En sortant de Sennar, nous voyons à nouveau des champs de sacs plastiques et des déchêts que l'on brule. Un vrai problème les poubelles dans ce pays, où, comme en Egypte, le ramassage d'ordures n'est pas organisé. Du coup, on jette partout hors de chez soi. Et nous embarassons bien des hotes avec les poubelles que nous leur laissons. Ajoutez à ça la consommation de produits occidentaux qui augmente... Nous voyons aussi, dépassant des murs, des bougainvilliers qui jaissent tels des feux d'artifice... Il fait de plus en plus chaud. Notre pause s'étend de 12h30 à 16h maintenant. Dur, dur! Nous arrivons à Singa au crépuscule, partons à la recherche d'un hotel, et c'est Benyamin dans son taxi que nous rencontrons. Où allait-il? Nous ne savons pas. En tout cas il n'ira pas, puisque nous suivons son taxi "Darlling" jusqu'à l'hotel, et finalement jusque chez sa soeur Rabah. Avec son mari Ibrahim, elle nous offrira gite et couvert. Nous sommes toujours étonnés par cet acceuil immédiat au pied levé. Benyamin est sur le point de réaliser un projet. Dans deux jours, il part pour Khartoum faire des papiers, et dans deux semaines pour Dubai gagner sa vie comme conducteur de taxi. Mais en attendant, c'est avec nous qu'il sera. Et il se met totalement à notre disposition. Le lendemain, il nous escorte d'écoles en ministère de l'éducation pour avoir les autorisations nécessaires pour rencontrer des écoliers. Ca prend du temps! Au ministère, le représentant nous parlera un français impeccable, ayant vécu quelques temps en France. Il nous dit qu'il nous a vu la veille, et qu'il voulait nous faire la blague d'une fausse prise d'otages! Et chantera ensuite "Jolie Bouteille, Sacré Bouteille" en nous donnant la mission de lui envoyer la chanson dès que possible! Nous repartons de là avec le permis nécessaire, et un papier en sus pour le ministère de l'éducation de Damazin. L'échange avec l'école est super, la classe pose plein de questions, note nos adresses. Un enfant sans papier pour les noter tend même sa chemise à Olivier!

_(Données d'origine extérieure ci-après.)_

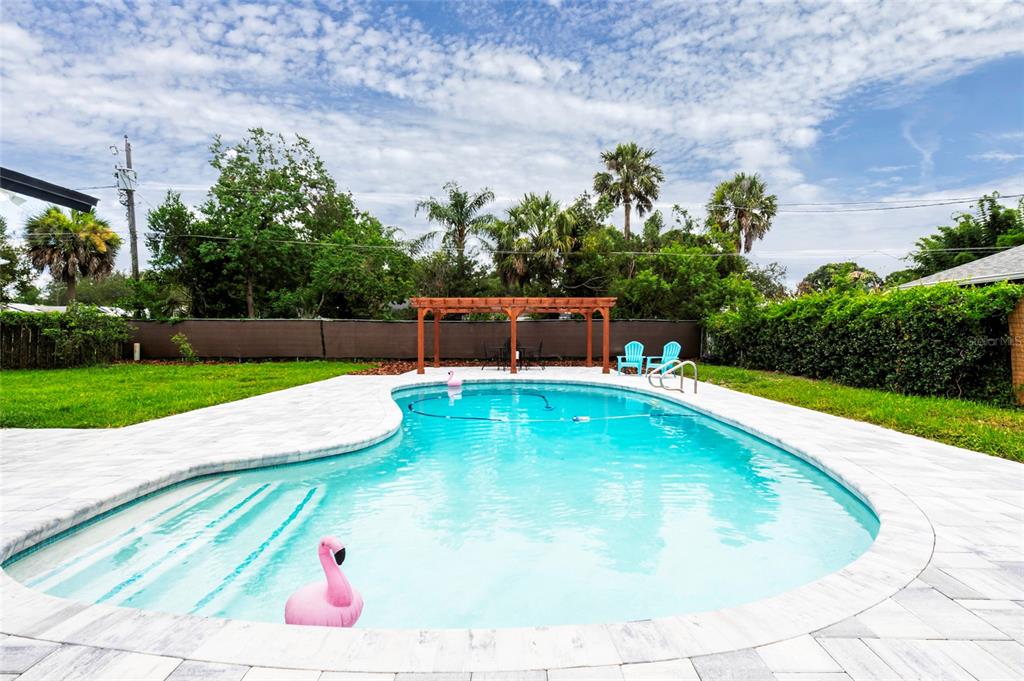 722 South Ranger Boulevard Winter Park, FL 32792 - Photo 46 of 65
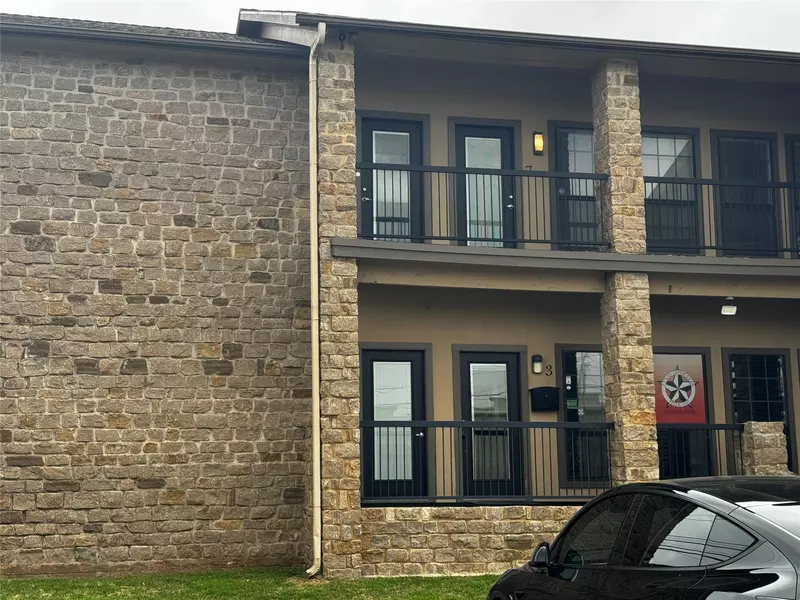 13740 N Highway 183 HWY #H7 & H8, Austin, TX 78750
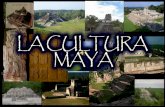 Presentacion Mayas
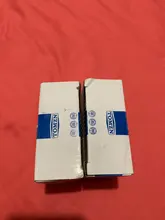 Circuit-Breaker Rail-Mounting Air-Switch MCB Miniature Din TPN 16A 32A 10A 20A 25A 1p--N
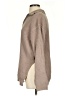 Shein 100% Acrylic Tan Pullover Sweater Size 4 - photo 5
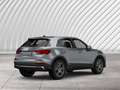 Audi Q3 40 TDI quattro advanced PANO ACC AHK RFK LED Grau - thumbnail 2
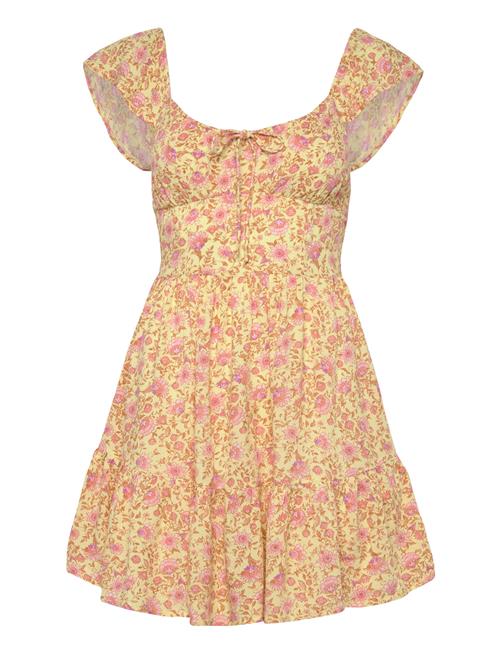 Billabong | Sweet Bouquet Drs | L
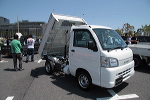 SCN2011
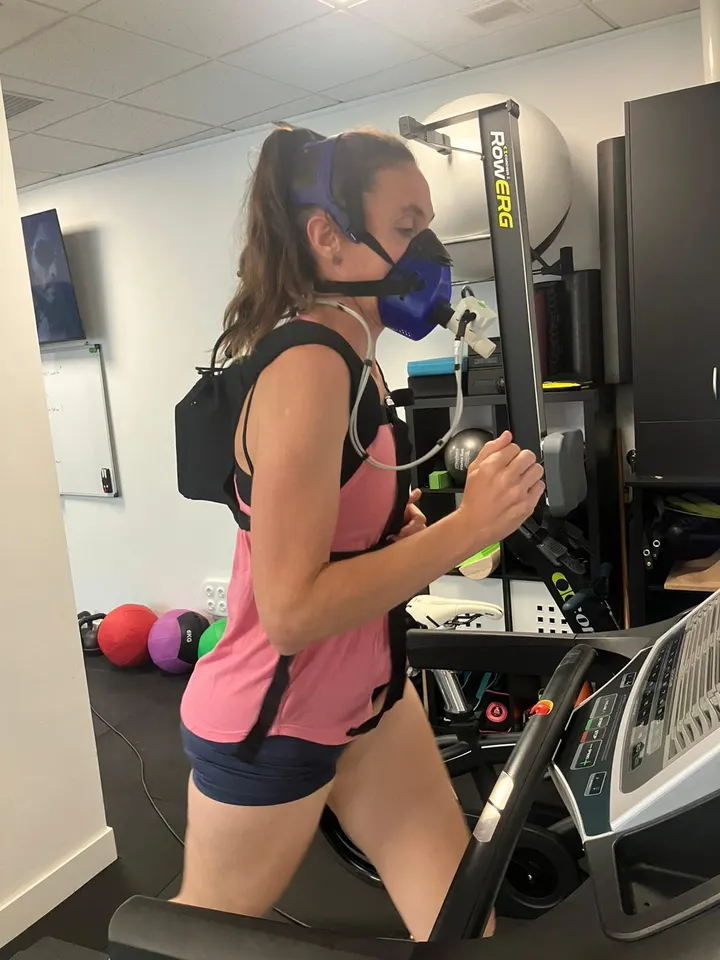 FitStudio Biomecánica ciclismo — ciclismo-studio en Elexalde, Bilbao — 2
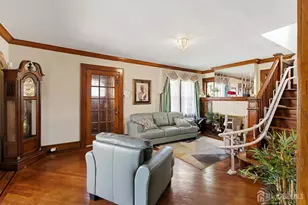120 Montrose St, Newark, NJ 07106 - Photo 4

S'en suit un petit tour au marché, une petite leçon de façonnage de briques de terre, et direction le Nil! C'est parti pour la chasse aux bananes, mangues et goyaves! Seules ses dernières sont mûres, mais on s'en régale! Au Nil, Olivier s'offre une thalasso de vraie boue pleine de limons. Juste à côté, les pêcheurs rassemblent le poisson nécessaire aux boites de thon. Et pendant ce temps, Benyamin ne cesse de sourire, et nous ne nous lassons pas de le regarder... Au retour, le chemin nous fait passer entre les bananiers, gout de paradis! Il est temps de retourner à la maison, se préparer pour la soirée. Au menu, finale de la coupe de foot d'Afrique pour Olivier (c'est l'Egypte qui a gagné) et Hélène avec les femmes. Elles sont nombreuses ce soir, on fête la venue au monde d'un petit enfant. Le thé coule à flots, et les gateaux maison sont délicieux... Nous partons ensuite avec des amis de Benyamin boire un coup dans le souk de nuit. Chacun aimerait être notre hote, nous offrir quelque chose... Nous partageons un thé à la menthe avec un professeur d'anglais qui n'a pas quitté le Soudan mais dont l'accent en tromperait plus d'un! Le marchand de sable passe sur nous et Benyamin, il est temps d'aller prendre des forces pour le départ du lendemain...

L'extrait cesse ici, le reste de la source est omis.